The inclusion of Venice in the danger list had already been proposed by UNESCO two years ago, but it was averted at the last minute due to some emergency measures adopted by the Italian government.
In particular, one of those measures was the decision to ban large ships – such as cruise ships – in the San Marco Canal, as well as the promise to launch an ambitious conservation plan for the city.
The ban on large ships is being enforced – even though UNESCO says it should be extended to other models of boats which are very polluting.
But the plan to save Venice was never implemented, and has remained a mirage.
According to Italian newspaper la Repubblica, UNESCO experts have written several letters to the Italian government asking for updates and a timetable. The answers they received were deemed insufficient.
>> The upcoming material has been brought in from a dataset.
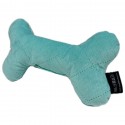 COOL BONE SHAPE TEETHER PILLOW - AQUA Velvet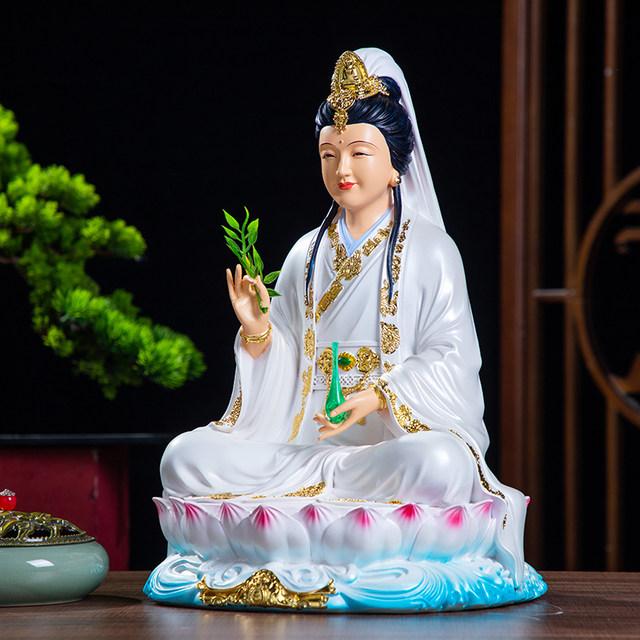 New Miaoshan Guanyin Bodhisattva resin Buddha statue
The UNESCO report, seen by la Repubblica, says authorities dealing with the emergency in the city lack a strategy to address the threat of climate change.
A warming planet is having a damaging impact by causing sea levels to rise, so Venice – which is surrounded by water – is very vulnerable to flooding.
On top of this, about 28 million tourists visit Venice every year. This leads to more and more urban expansion projects, which in turn damages the city, according to Unesco.
Among other things, Unesco believes that high-rise buildings can “have a significant negative visual impact” on the city and they should be built far from the city centre.
Venice is considered an undisputed gem by Italians.
On top of being given a nickname for its serenity, it is in turn known as “the city of love”, “la domitante” (the dominant), and the “queen of the Adriatic”.
UNESCO lists 55 World Heritage sites globally as being “in danger”, with a further 204 that are actively being monitored by the agency due to the threats they face.
Australia’s Great Barrier Reef narrowly avoided making it on to this year’s list despite remaining under “serious threat” from climate change and water pollution.
Instead, UNESCO will review the Australian government’s reef conservation efforts again in 2024.